▶ _EXERCISE_: Please give back, word for word, only the lines starting at the one containing "2 Pfenning - Fredrich William" and ending at the one containing "Jacobs Sticks 2w1 Classic 10 sztuk 140g" within the material below.

▶ _GIVEN INFORMATION_:

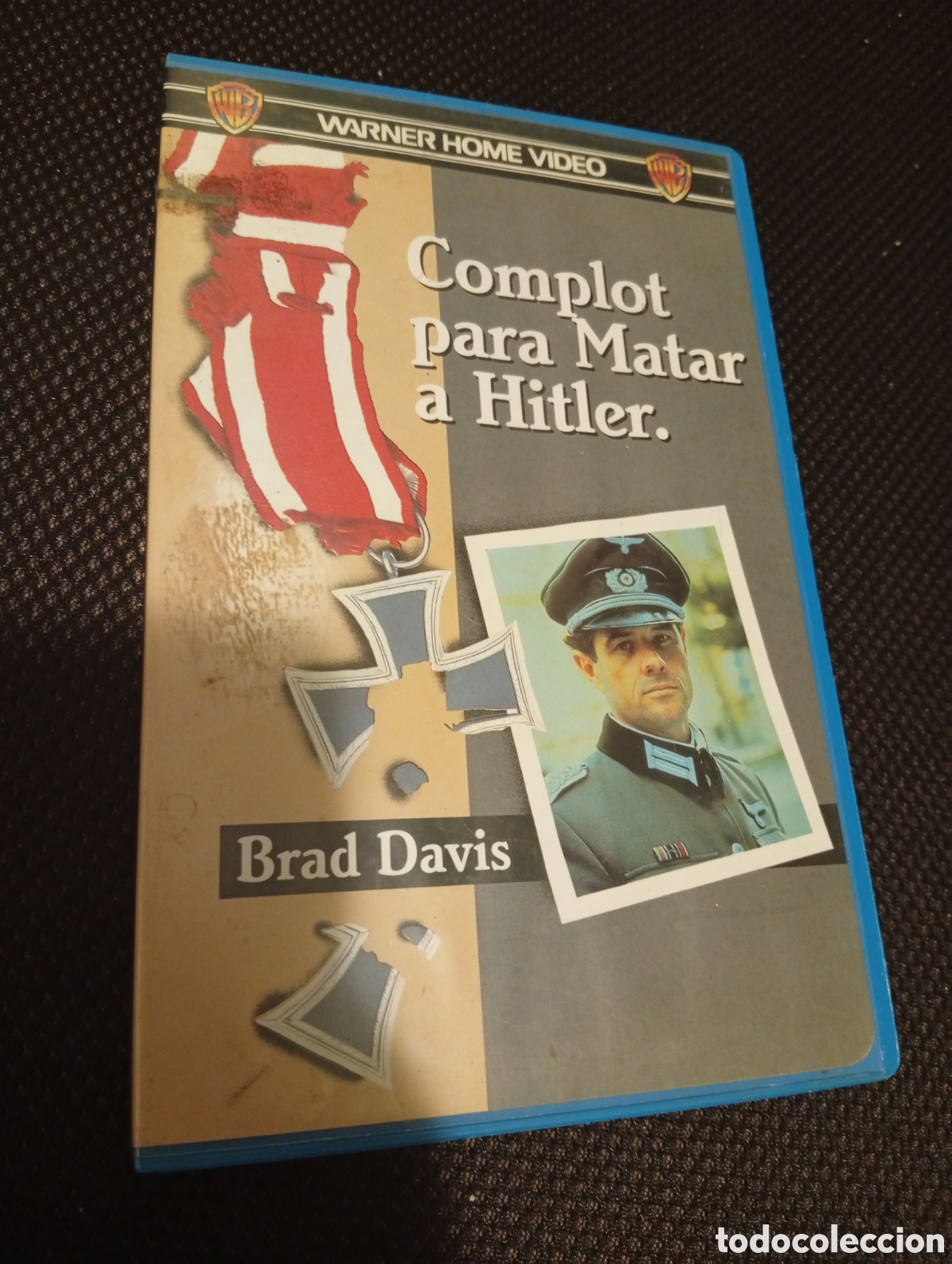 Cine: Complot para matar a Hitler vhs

--

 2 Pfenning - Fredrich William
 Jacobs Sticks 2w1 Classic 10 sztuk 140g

==

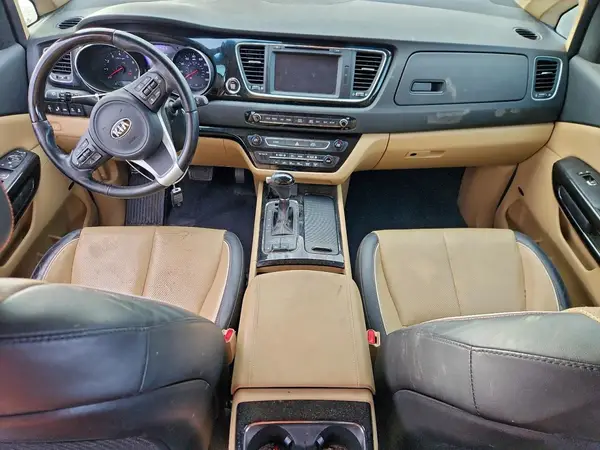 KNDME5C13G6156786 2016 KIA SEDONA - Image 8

▶ _SOLUTION TO THE PROBLEM_:
 2 Pfenning - Fredrich William
 Jacobs Sticks 2w1 Classic 10 sztuk 140g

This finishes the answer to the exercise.